Omdat partijen een opzegtermijn van twee maanden waren overeengekomen, was het bedrijf verplicht deze opzegtermijn in acht te nemen. Nu zij dat niet heeft gedaan, is de opzegging volgens de rechtbank onregelmatig en heeft de zzp’er recht op een schadevergoeding vanwege de onregelmatigheid van de beëindiging van de samenwerking. Het uitgangspunt daarbij is dat de zzp’er zoveel mogelijk in de toestand moet worden gebracht waarin hij zou hebben verkeerd als het bedrijf zich wel aan de opzegtermijn van twee maanden zou hebben gehouden. De schadevergoeding is in beginsel het loon dat de zzp’er zou hebben ontvangen over die opzegtermijn (in totaal € 23.655,50).

Conclusie en tips

Deze uitspraken onderstrepen het belang van goede afspraken over de opzegtermijn en de doorbetaling van het loon na opzegging van de zzp-overeenkomst.
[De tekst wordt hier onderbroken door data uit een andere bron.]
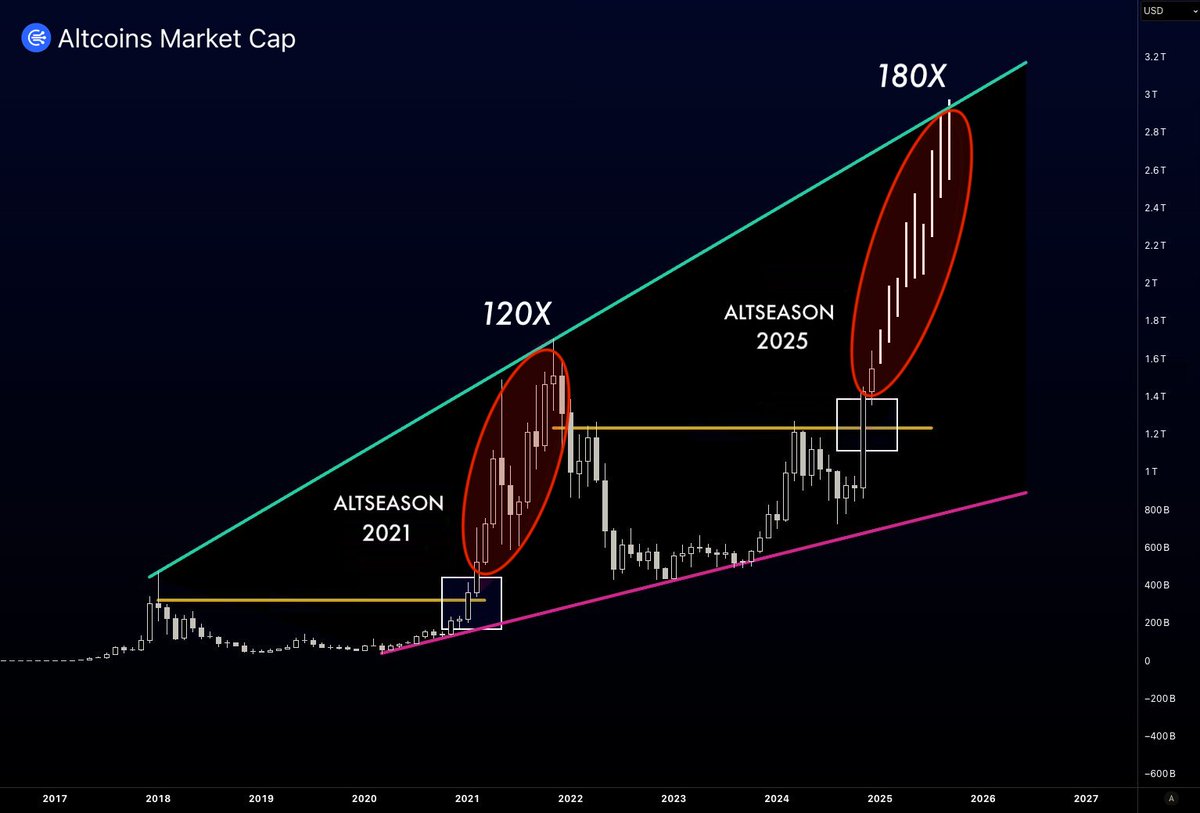 The Altseason of 2025 starts tomorrow 🔥

Accumulation time is over - $BTC and altcoins will go parabolic next week.

Back in 2021, I flipped $200 into $100K, and I’ll do it again this year.

Here are the best lowcaps with 200x potential I’m buying now 🧵⬇️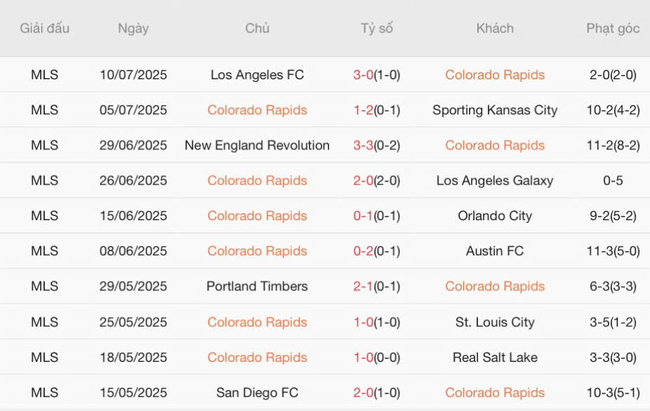 Phân tích kèo Colorado Rapids vs Vancouver Whitecaps, 08h30 13/07 4 Thành tích gần đây của Colorado Rapids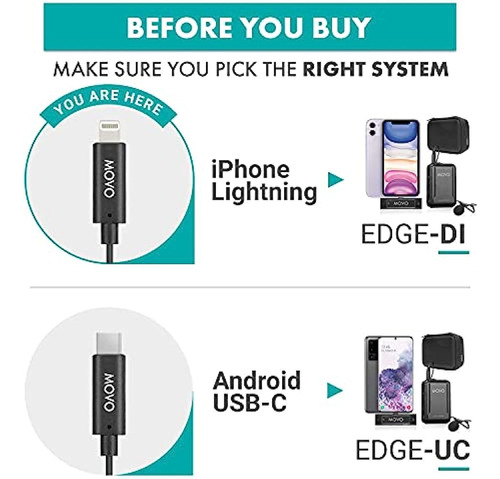 Movo Edge-di-duo Wireless Lavalier Para iPhone - Microfono L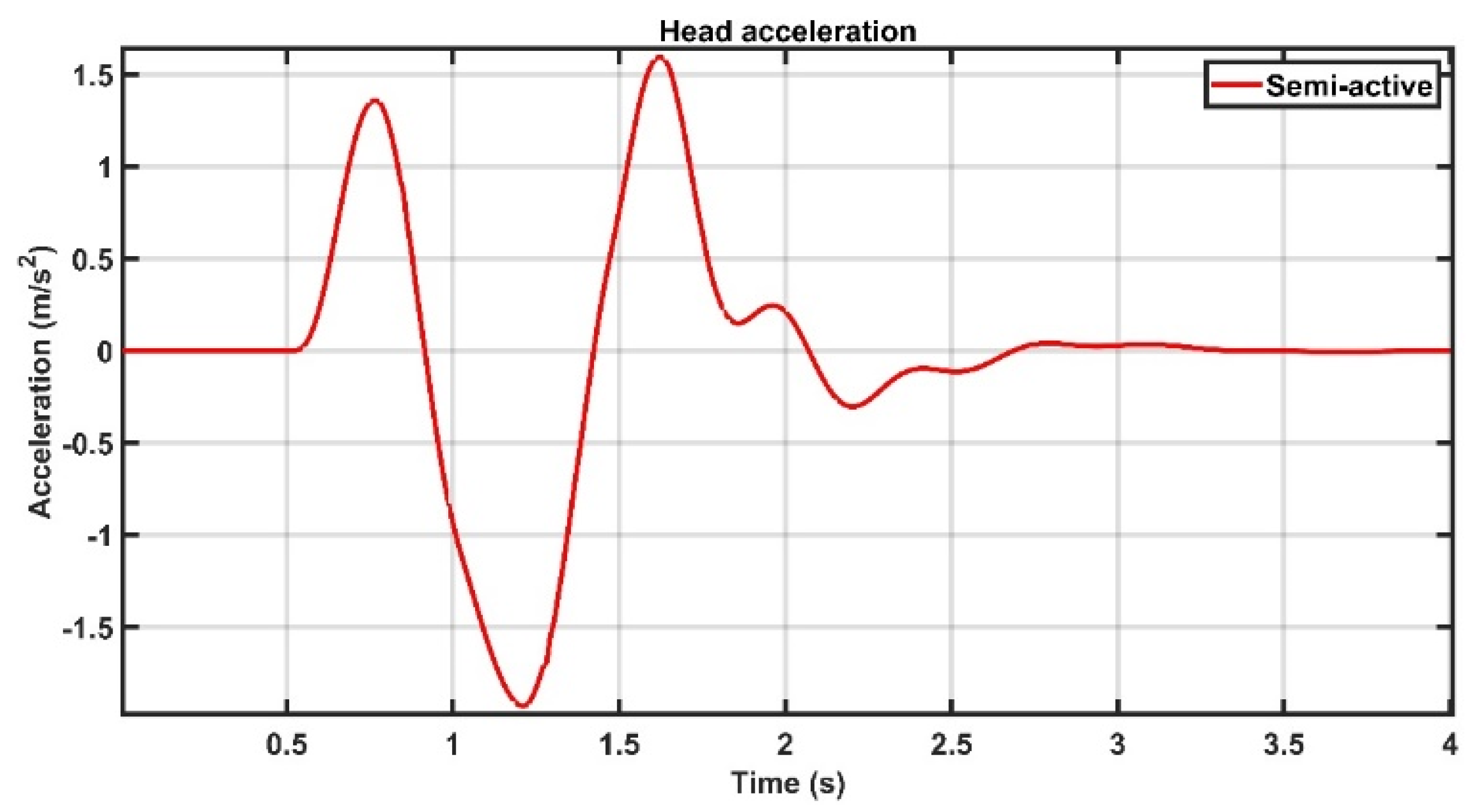 Applsci 10 03185 g006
Bedrijven die voortijdig afscheid willen nemen van een zzp’er (om wat voor reden dan ook), moeten duidelijk en bij voorkeur schriftelijk aan de zzp’er mededelen dat de overeenkomst wordt opgezegd, en tegen welke datum. De zzp’er heeft gedurende de opzegtermijn wel recht op doorbetaling van het loon of op schadevergoeding vanwege de voortijdige beëindiging, ook al verricht hij geen werkzaamheden meer.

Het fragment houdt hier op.